→ Task instructions
With pictures left out, please repeat word for word the lines from the one containing "Fauteuil inclinable électrique Crème Velours" through the end of the records.

****

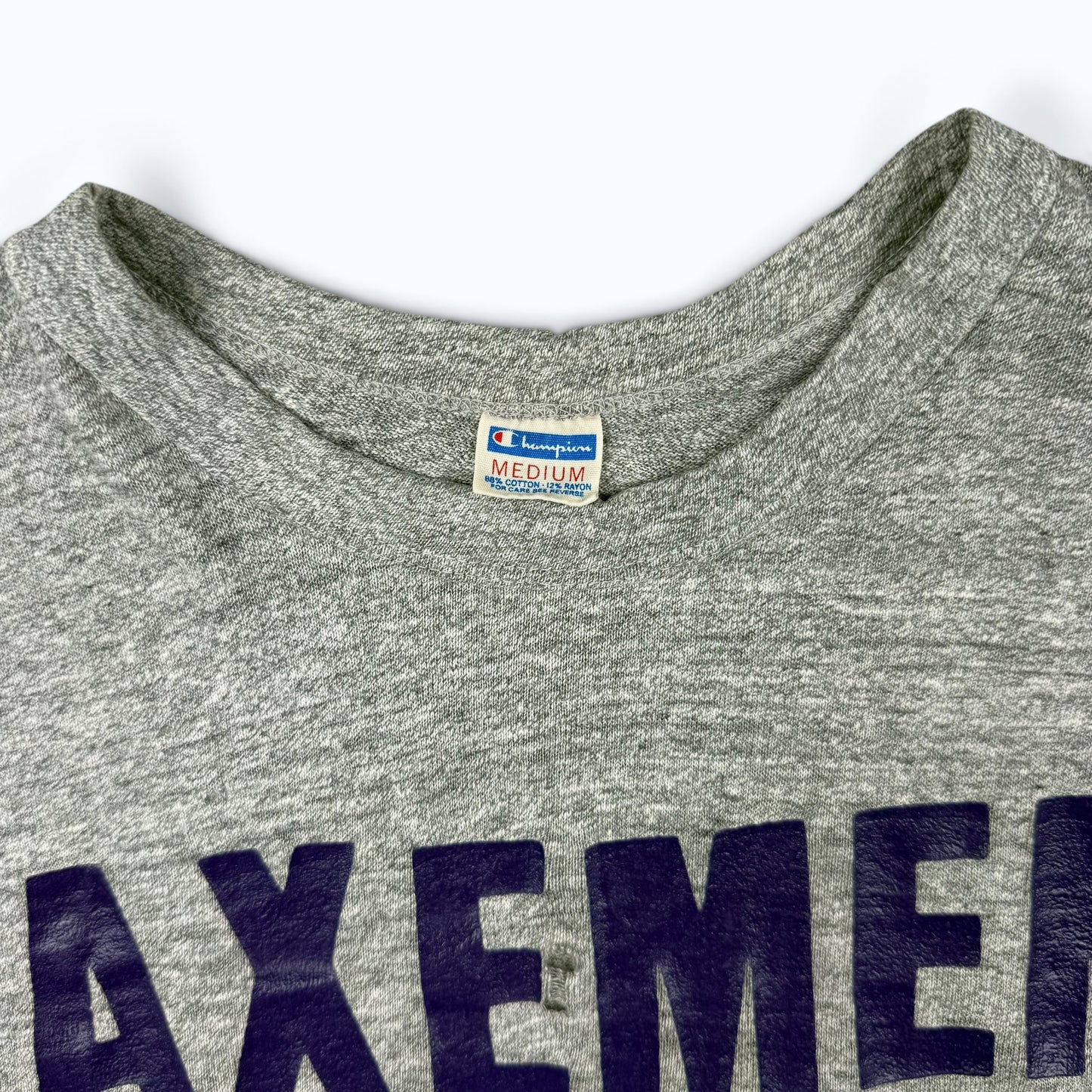 1970s Heather Grey Axemen Champion Blue Bar T Shirt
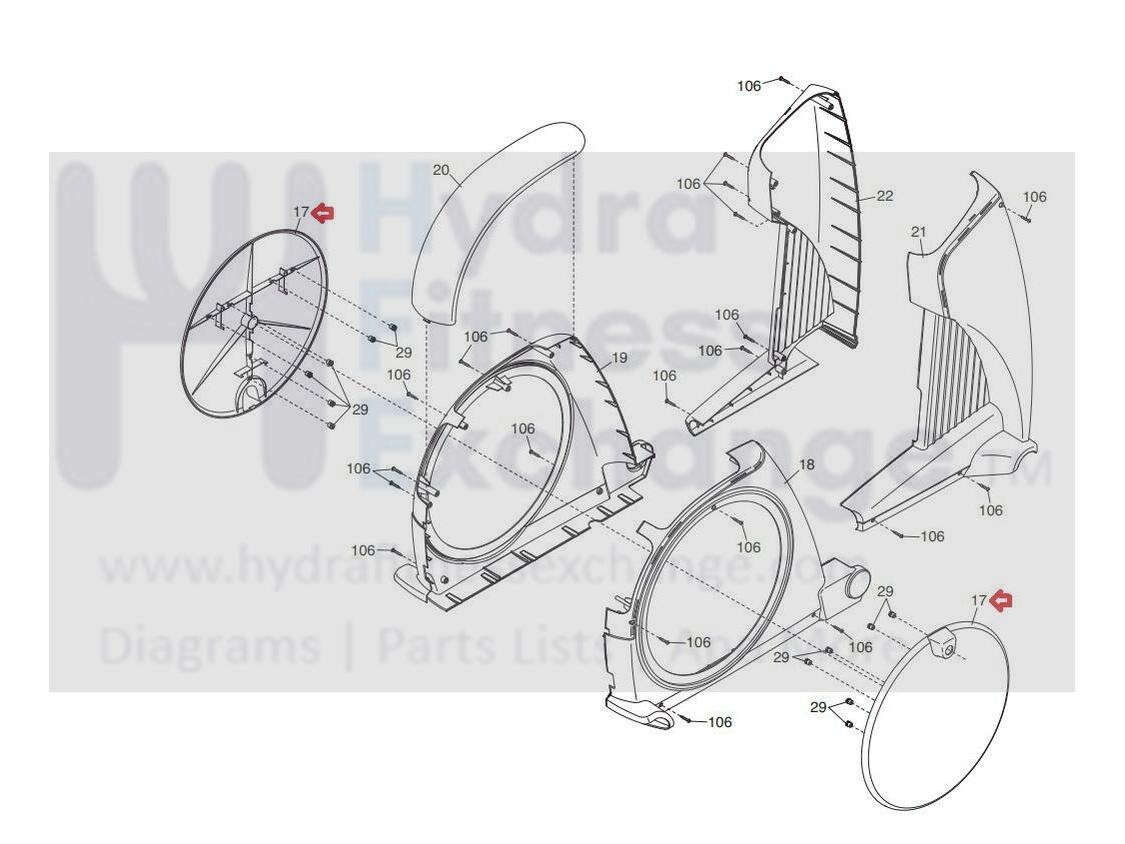 Healthrider Rider Parts Healthrider H95e-HREL599090 Elliptical Plastic Disc Cover 287217 ...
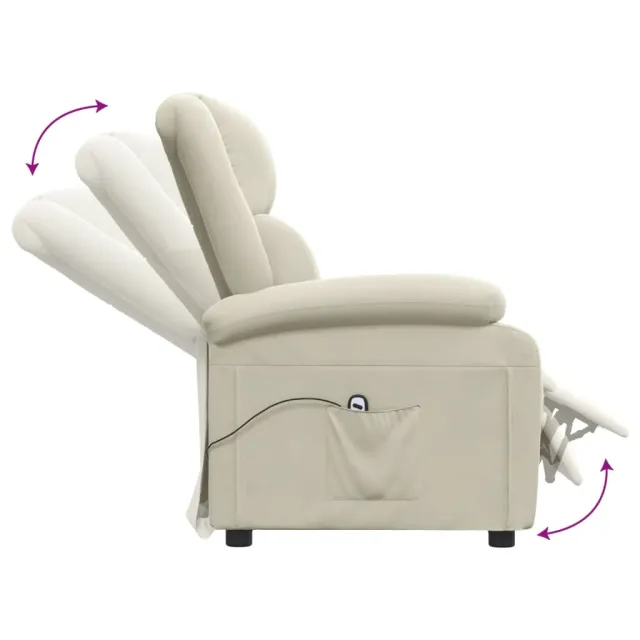 Fauteuil inclinable électrique Crème Velours
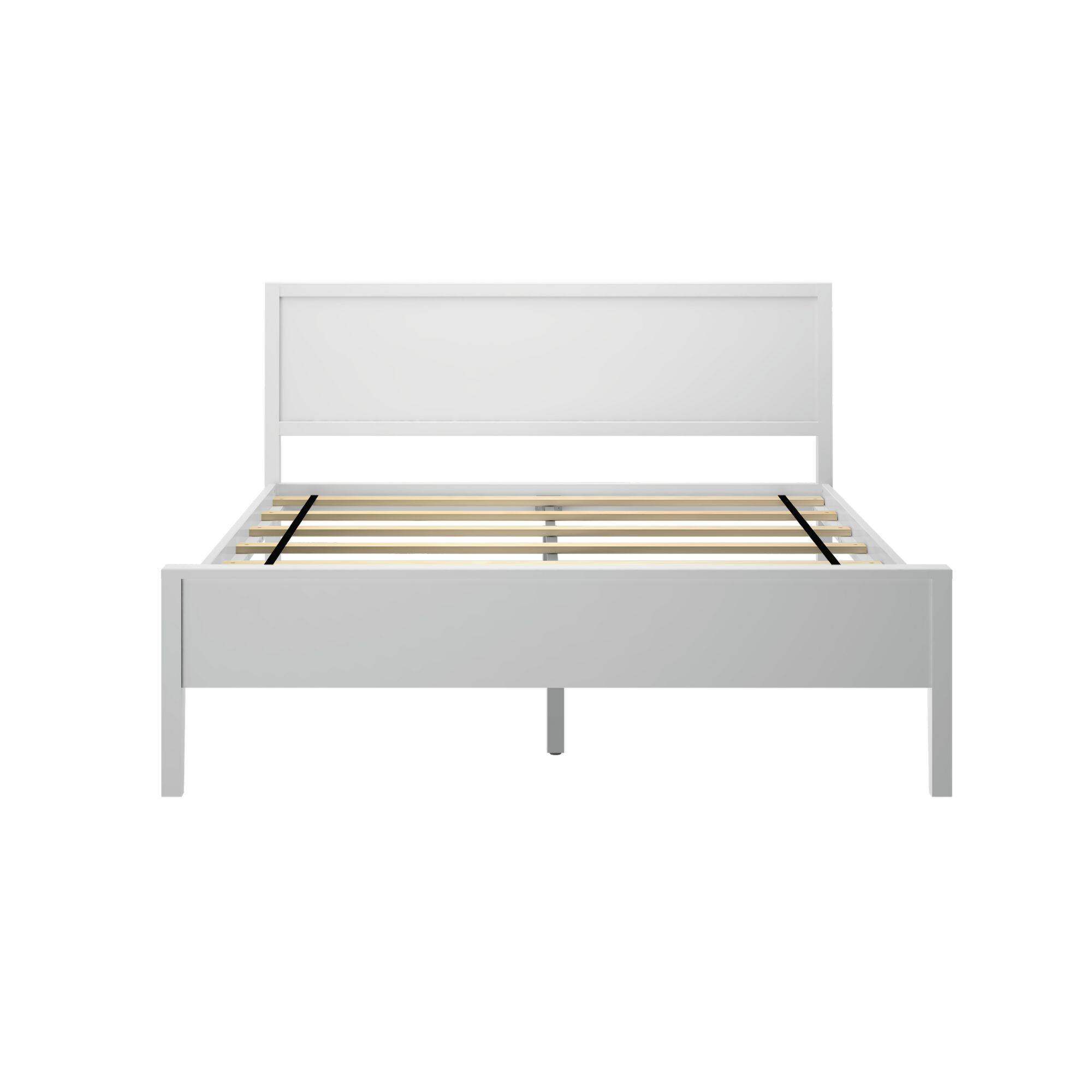 Alt View 5. Plank+Beam - Queen-Size Bed with Panel Headboard, White - White.
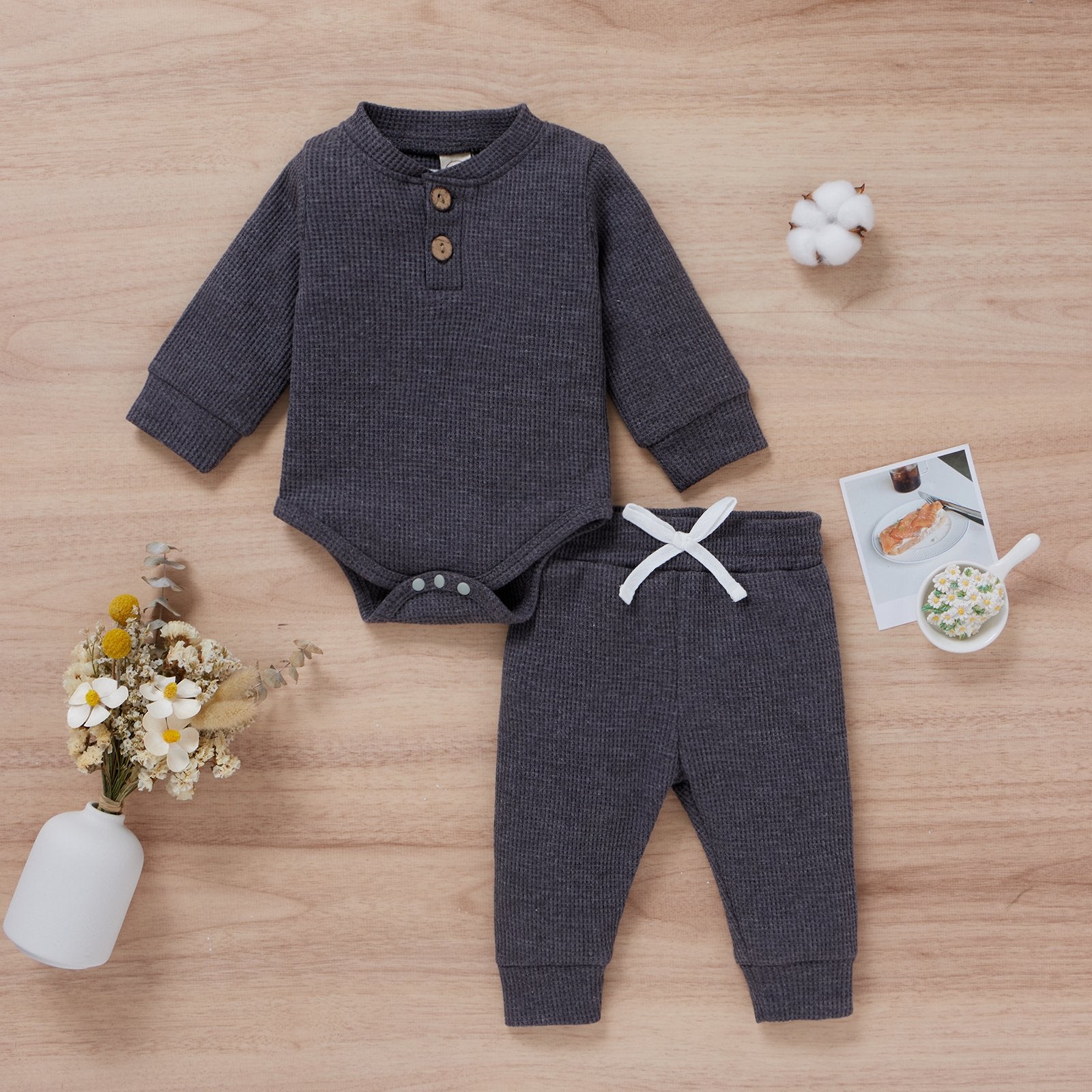 Waffle Stand Collar One-piece & Pants Two-Piece Set Wholesale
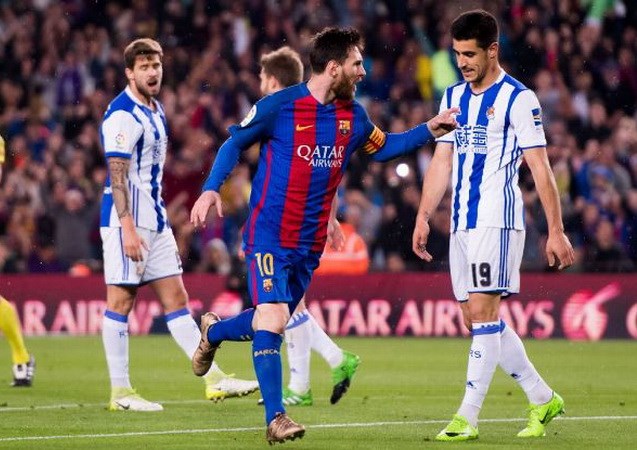 Messi giúp Barcelona giành chiến thắng. (Nguồn: espn)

****

→ Reply to the task
 Fauteuil inclinable électrique Crème Velours
 Alt View 5. Plank+Beam - Queen-Size Bed with Panel Headboard, White - White.
 Waffle Stand Collar One-piece & Pants Two-Piece Set Wholesale
 Messi giúp Barcelona giành chiến thắng. (Nguồn: espn)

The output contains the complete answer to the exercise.